In December 2012, the U.K. government released from house arrest a former Iranian ambassador to Jordan who also had been charged with shipping night-vision equipment to Iran. The U.S. had been seeking to extradite the ambassador, Nosratollah Tajik, for nearly five years on suspicion of illegal exports but ceased its efforts in 2012, current and former U.S. officials said. The Iranian diplomat was among those on the list of prisoners the Iranians sought freed, according to the two officials who viewed it.
A month later, in January 2013, Oman helped expedite the release of Mr. Seirafi, convicted of export violations in 2010. And in April 2013, the U.S. released an Iranian scientist detained in California.

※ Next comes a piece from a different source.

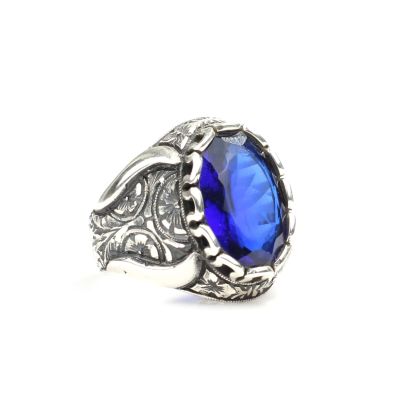 Silver Hand-carved Ring with Synthetic Sapphire For Men - 3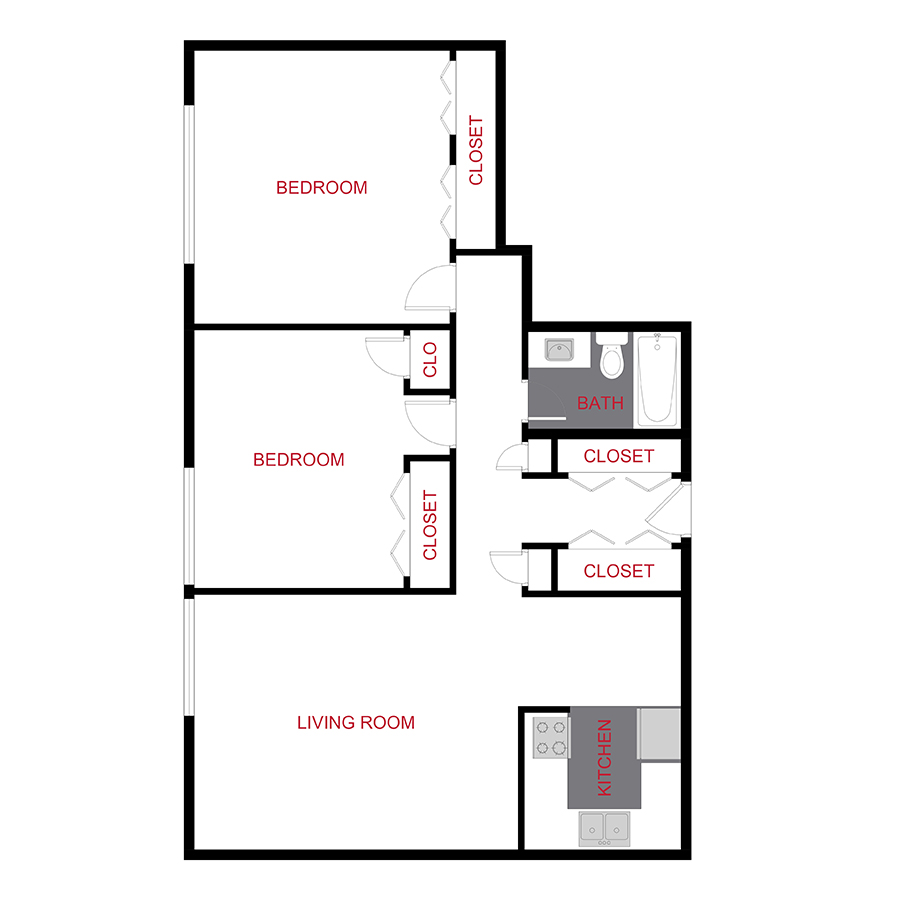 Rendering of the Plan B - Two Bedroom floor plan with 2 bedroom[s] and 1 bathroom[s] at 870 Cherry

The scientist, Mojtaba Atarodi, was a professor at Tehran’s prestigious Sharif University. The U.S. Treasury Department has sanctioned departments at the school for having alleged roles in developing Iran’s nuclear program.
U.S. authorities arrested Mr. Atarodi in December 2011 when he arrived in Los Angeles but kept his court case sealed. He was convicted of shipping banned items to Iran just days before he returned to Tehran via Oman.
Mr. Kohn, who also represented Mr. Atarodi, said U.S. law-enforcement officials told him of pressure from Iran to resolve the case quickly. “I’d get phone calls from the U.S. attorney’s office where they would say, ‘There is activity around your client, but it’s not coming from us,’” he said. “‘It’s diplomatic activity.’”
Mr. Atarodi told Iranian state media this year that U.S. officials wanted to swap him for one of the Americans held in Iran, Amir Hekmati. “I told them he is a spy, but I have done nothing wrong,” Mr. Atarodi said.
Mr. Hekmati, a former Marine, and his family have denied the espionage charges. He is serving a 10-year sentence in Tehran’s Evin prison for cooperating with an enemy of Iran.
The Obama administration in each of the cases said it wasn’t swapping prisoners. Many of the cases are sealed or partially sealed, restricting comment by many but not all of those involved.
“No one on either side will say there was a formal prisoner swap. But the release of American and Iranian innocent prisoners served as reciprocal ‘goodwill gestures,’” said Joshua Fattal, one of the American hikers, who was freed by Tehran in September 2011.